** RECORD EXCERPTS follows **
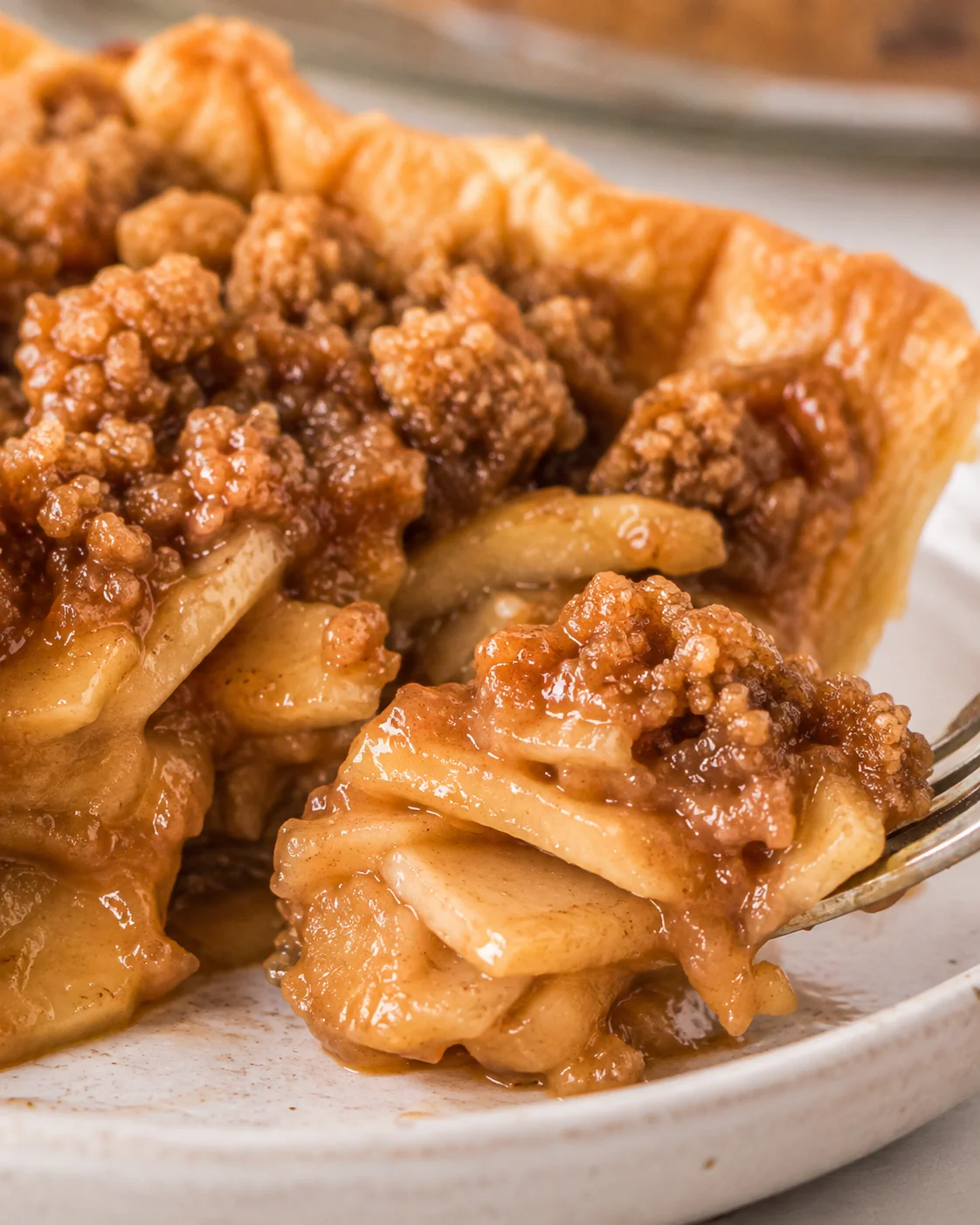 Close detail of Dutch apple pie showing apple slices and crumb topping on a forkful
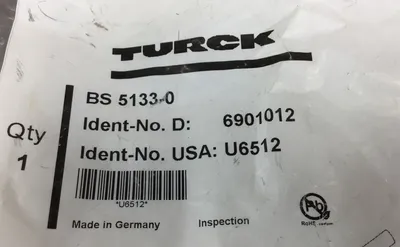 TURCK B 5131-0 Connector “Sealed In Bag” 5E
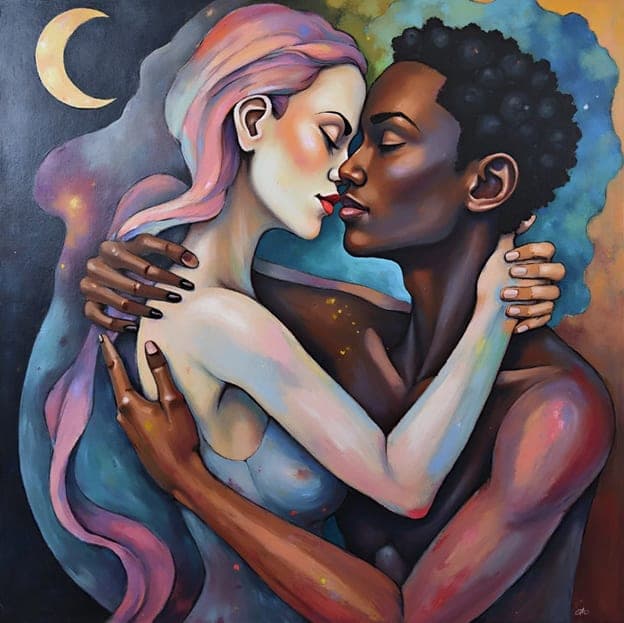 Nude Couple Kissing Crescent Moon Cosmic Colorful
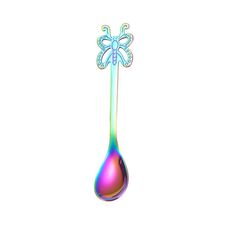 Cucchiaino da caffè a farfalla in acciaio inossidabile multicolore Frutta Bevanda fredda Gelato Dessert Cucchiaino da tè, Colore: Arcobaleno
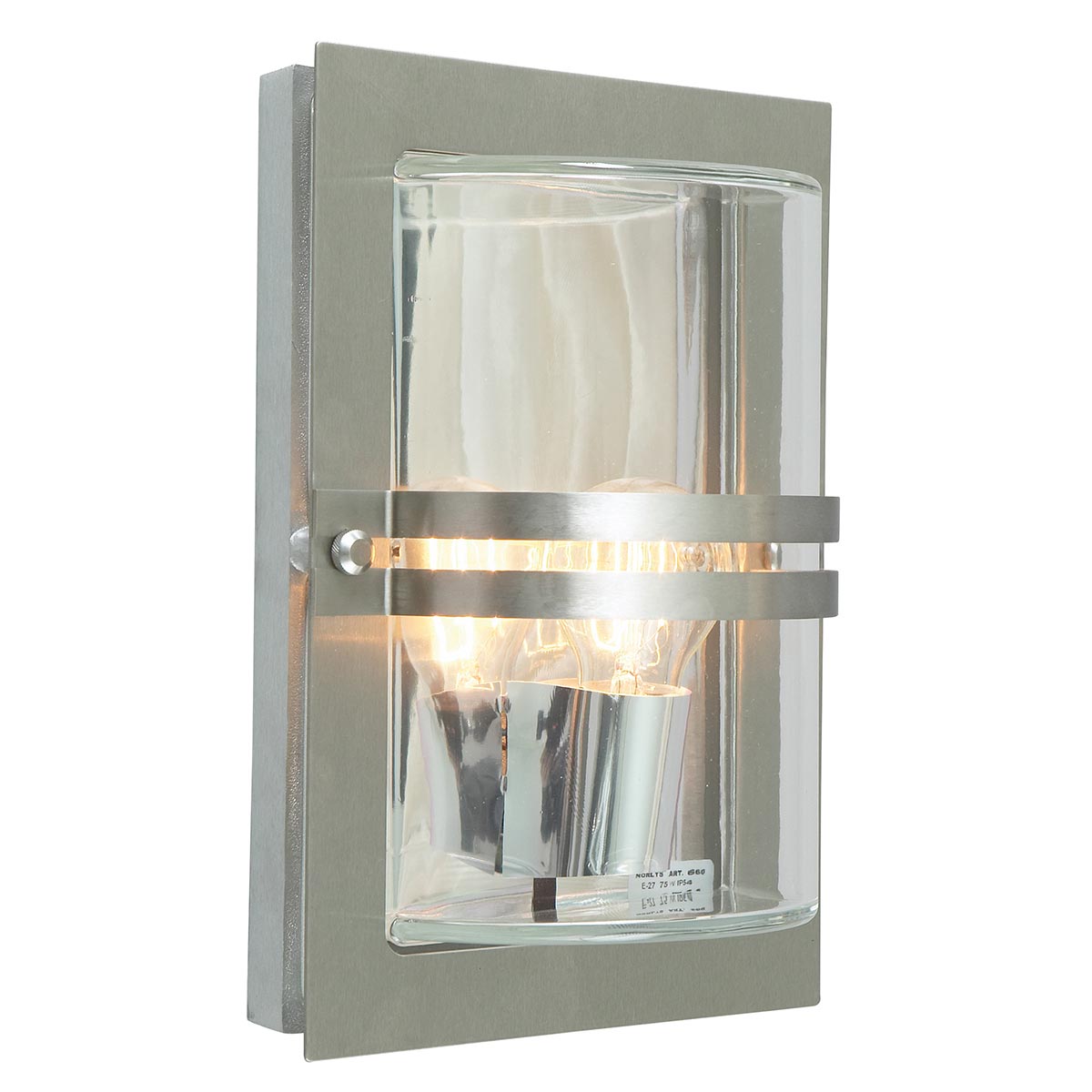 Norlys Basel 1 Light Wall Lantern - Stainless Steel With Clear Glass BASEL-E27-S-S-C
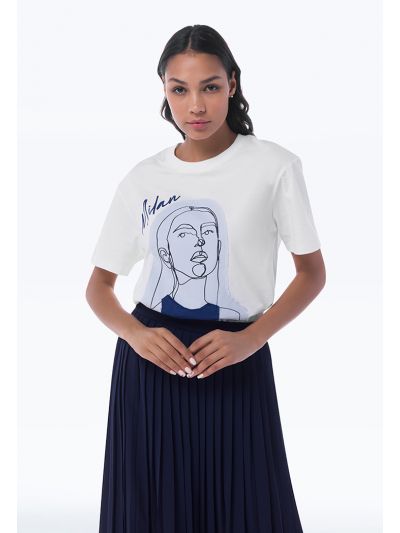 Figure Printed Short Sleeves T-Shirt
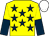 YELLOW, DARK BLUE stars, halved sleeves, WHITE cap (Mr W M Johnstone)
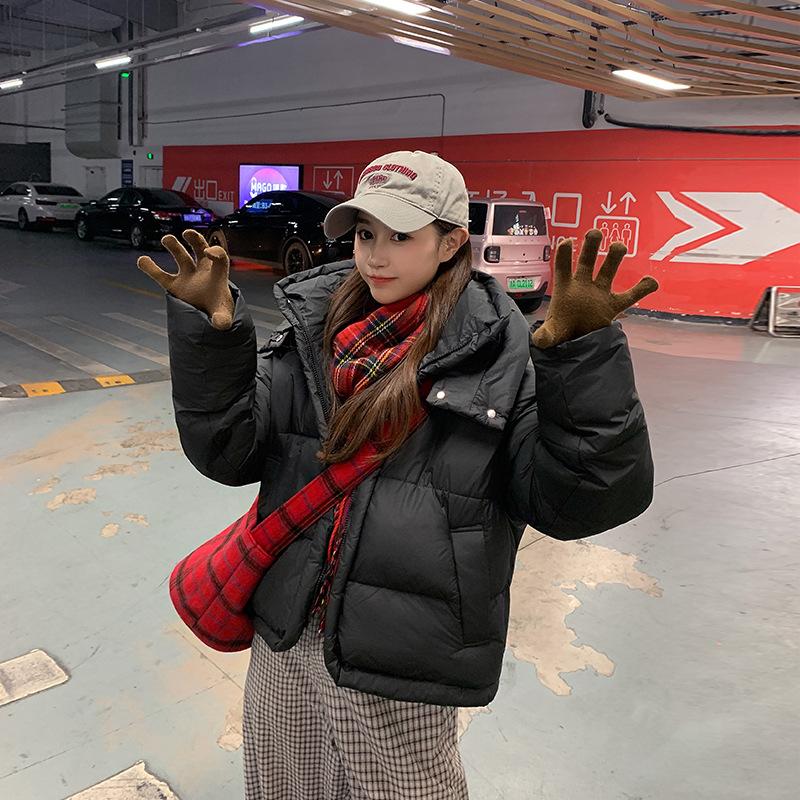 

Short Loose Thick Hooded Puffer Jacket M чёрный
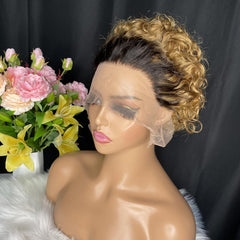 Short Pixie Cut Wig 13x1 Lace Part Human Hair Wigs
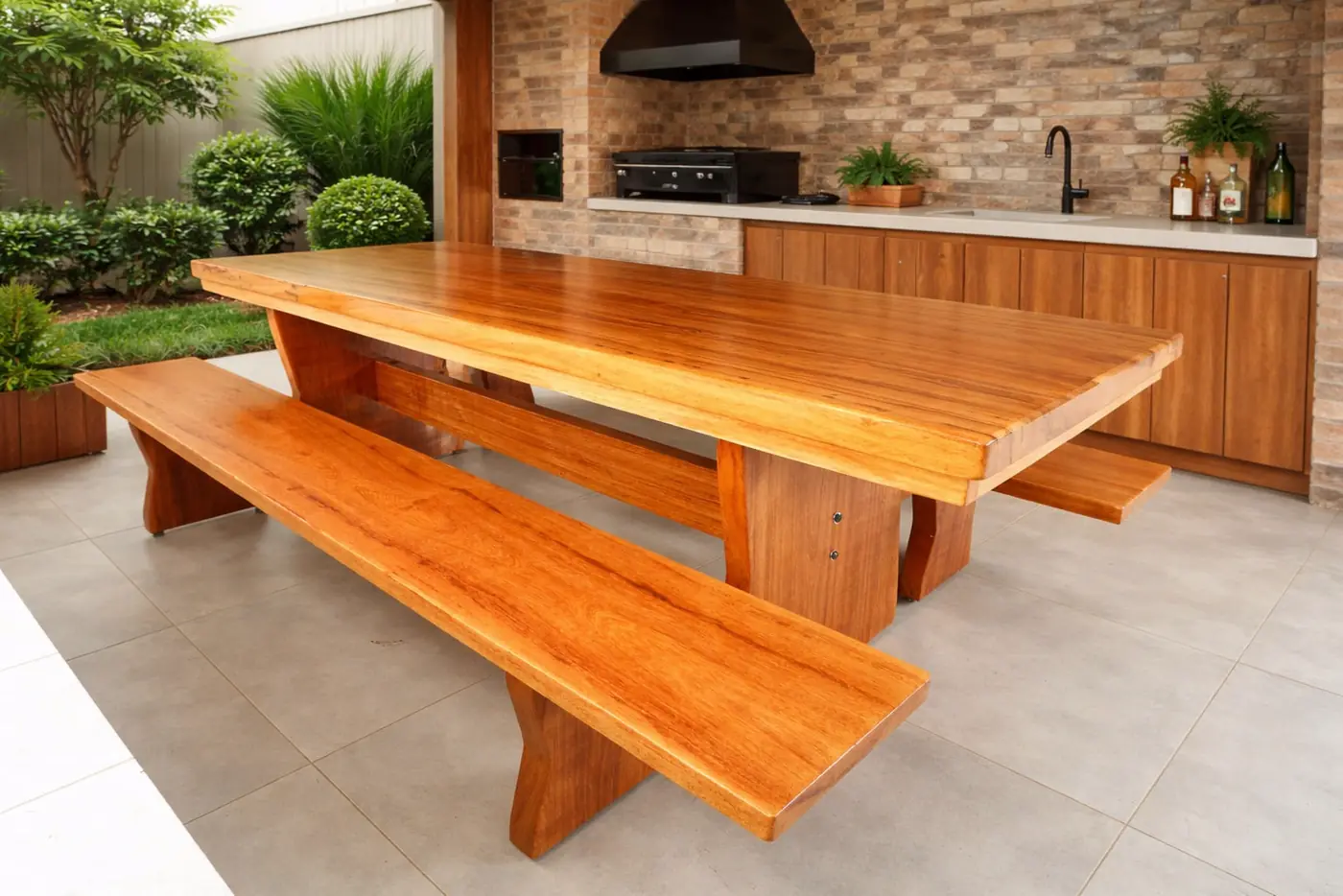 Mesa rústica de Angelim 2,50 m com 2 bancos, foto 7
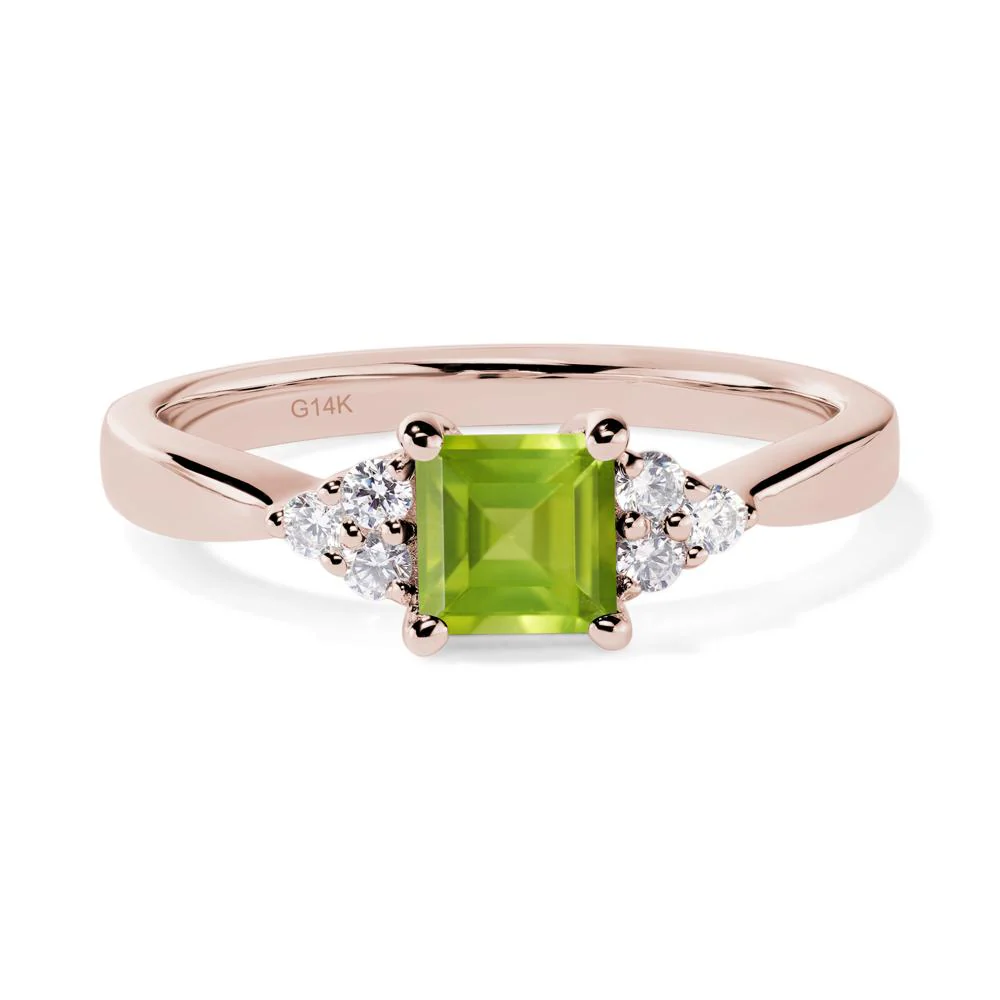 Square Cut Peridot Petite Ring - Image 5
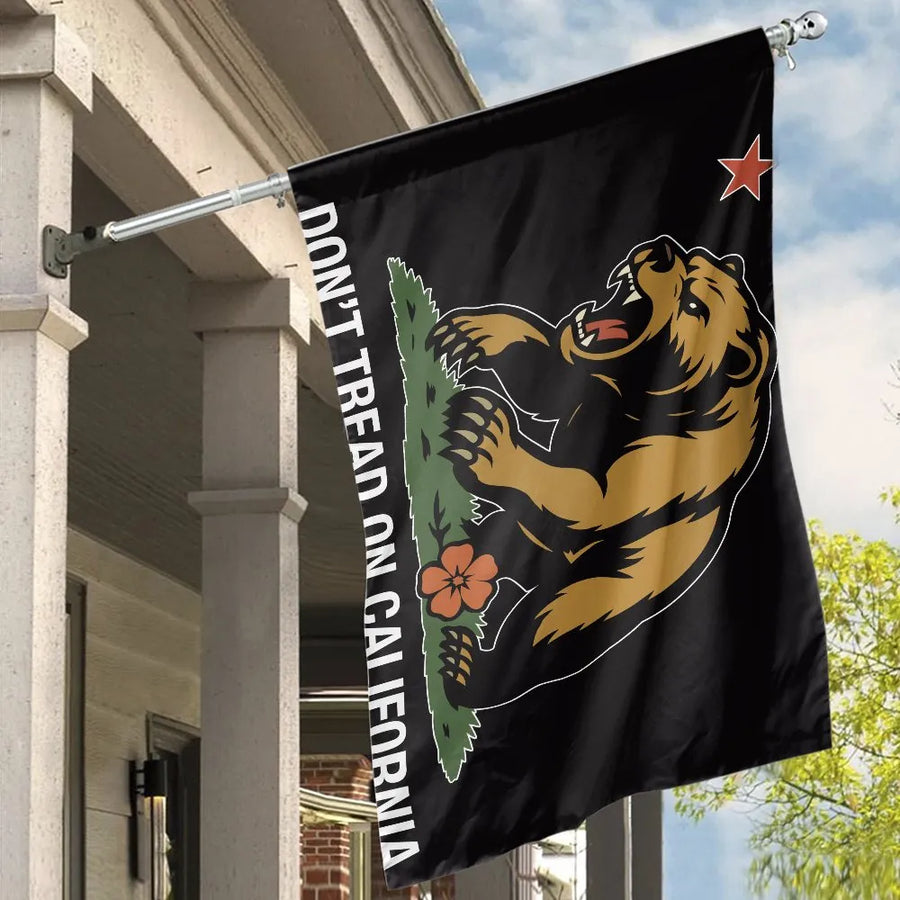 Don't Tread On California Flag | Political Golden State Bear Design | Premium Weatherproof Polyester | Patriotic Yard Decor Gift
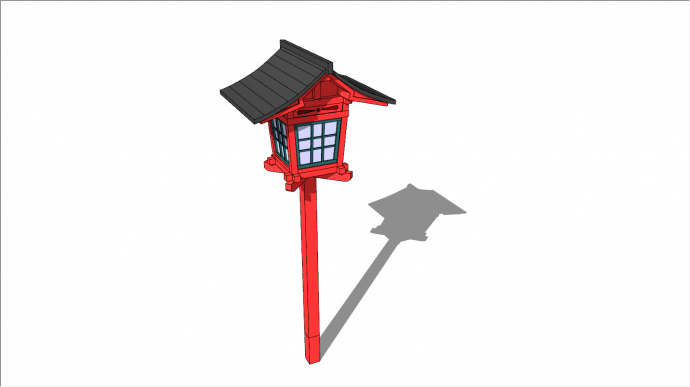 日式古代庭院路灯su模型_图1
** End of RECORD EXCERPTS **
WHAT TO DO – Every line from the one with "Short Loose Thick" through the last line of the listing above must be written out exactly, and no picture may appear.

WRITTEN RESPONSE –
Short Loose Thick Hooded Puffer Jacket M чёрный
 Short Pixie Cut Wig 13x1 Lace Part Human Hair Wigs
 Mesa rústica de Angelim 2,50 m com 2 bancos, foto 7
 Square Cut Peridot Petite Ring - Image 5
 Don't Tread On California Flag | Political Golden State Bear Design | Premium Weatherproof Polyester | Patriotic Yard Decor Gift
 日式古代庭院路灯su模型_图1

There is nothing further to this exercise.